Майский конфликт с Временным правительством был изжит без всякого ущерба для нашего партийного достоинства. Напротив, успешная борьба с правительством князя Львова, за которым стоял меньшевистско-эсеровский Петроградский Совет, завоевала нам симпатии большинства беспартийных кронштадтцев.
В результате кризиса, получившего громкое имя «Кронштадтской республики», правительственный комиссар кадет Пепеляев был смещен и его место занял выбранный нами безличный педагог Парчевский, который сразу был взят Кронштадтским Советом под большой палец. Таким образом, морально-политическое влияние Кронштадтского Совета превратилось в реальную силу действительного хозяина положения.
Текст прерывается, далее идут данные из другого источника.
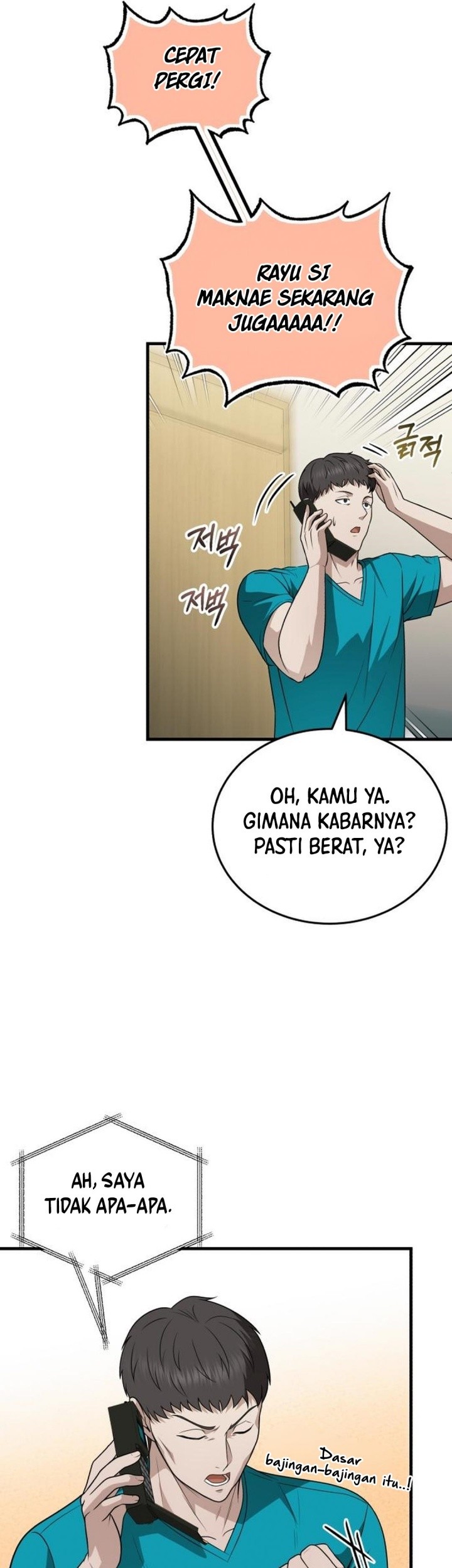 The Regressed Doctor Just Wanted to Live Quietly Chapter 30 Gambar 42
Фактически уже в этот момент, т. е. задолго до Октябрьской революции, вся власть в Кронштадте перешла в руки местного Совета, иначе говоря, нашей партии, в действительности направлявшей текущую советскую работу. Благоприятное «внутреннее» положение заставило нас серьезнее заняться «внешней политикой». Прежде всего мы были вынуждены обратить внимание на Балтийский действующий флот, по существу, составлявший с Кронштадтом единое целое. Из Ревеля и Гельсингфорса к нам неоднократно приезжали для связи матросы-большевики, которые в один голос жаловались на гнетущее эсеровское засилье.
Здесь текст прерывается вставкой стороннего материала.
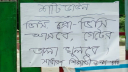 চট্টগ্রাম বিশ্ববিদ্যালয়ে তালা দিয়ে কমপ্লিট শাটডাউন ঘোষণা শিক্ষার্থীদের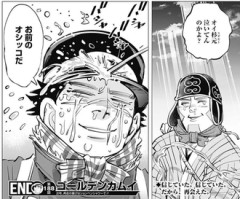【ゴールデンカムイ】この漫画真面目なシーンやった3秒後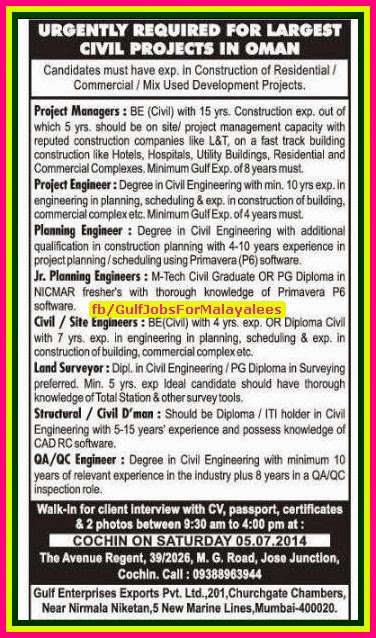 Largest Civil Project Jobs for Oman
Наши политические враги изо всех сил стремились внести отчуждение между большевистским Кронштадтом и действующим флотом, к тому времени еще не вышедшим из-под влияния «соглашательских» настроений.
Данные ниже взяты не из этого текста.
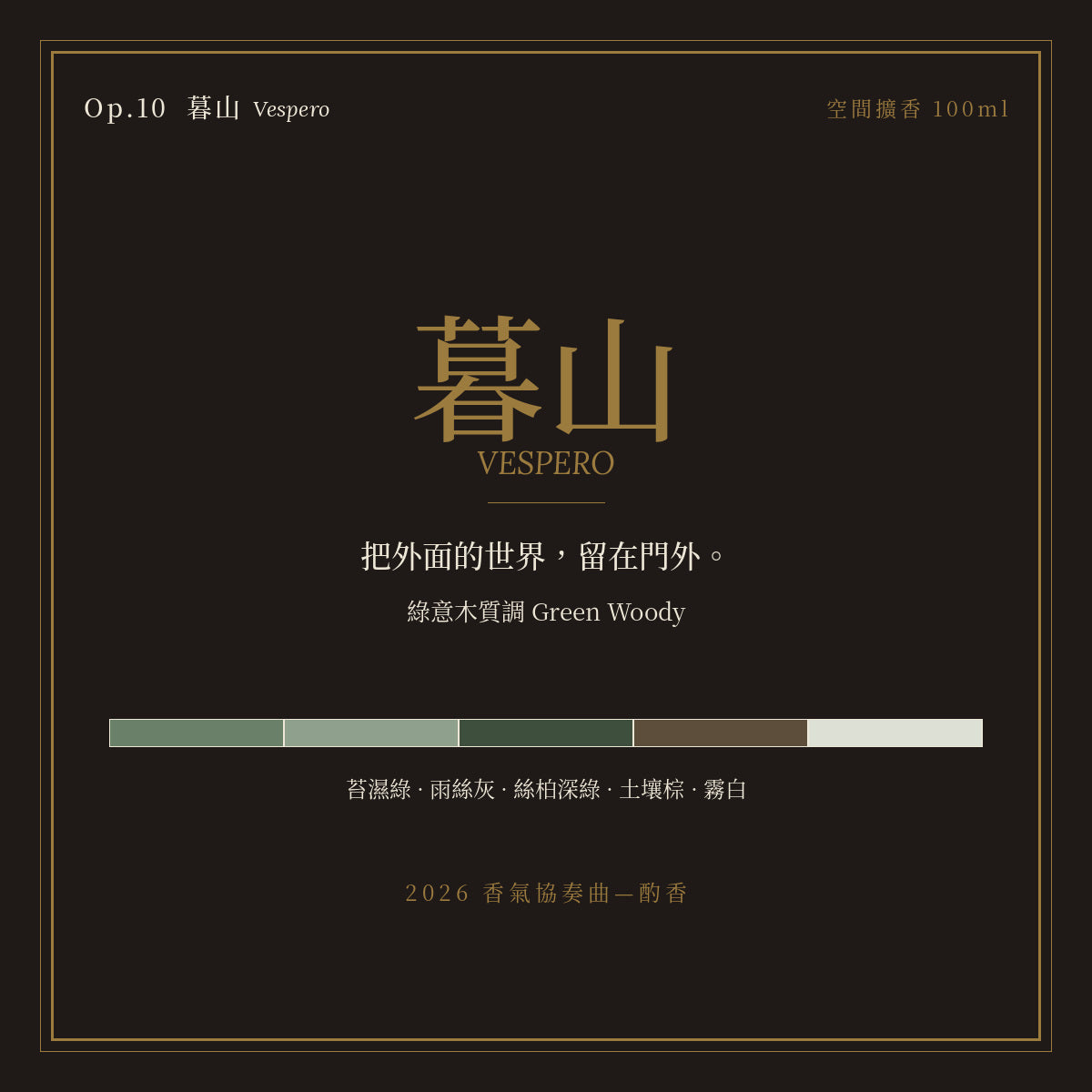 Op.10 暮山 空間擴香 100ml｜名片卡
Крупный инцидент с Временным правительством, крайне раздутый и преподнесенный доверчивой публике как факт образования «независимой Кронштадтской республики», еще больше подлил масла в огонь. Не было такого меньшевистско-эсеровского агитатора или журналиста, который не попытался бы нажить на этом событии политический капитал. В Балтийском флоте соглашательские словоблуды не жалели языков, крича на всех углах и перекрестках о «сепаратизме» кронштадтских большевиков и о «Кронштадтской республике», якобы отколовшейся от остальной России. Эта вредная ложь на все лады разносилась по судам и береговым командам с недвусмысленной целью создания враждебного к нам отношения.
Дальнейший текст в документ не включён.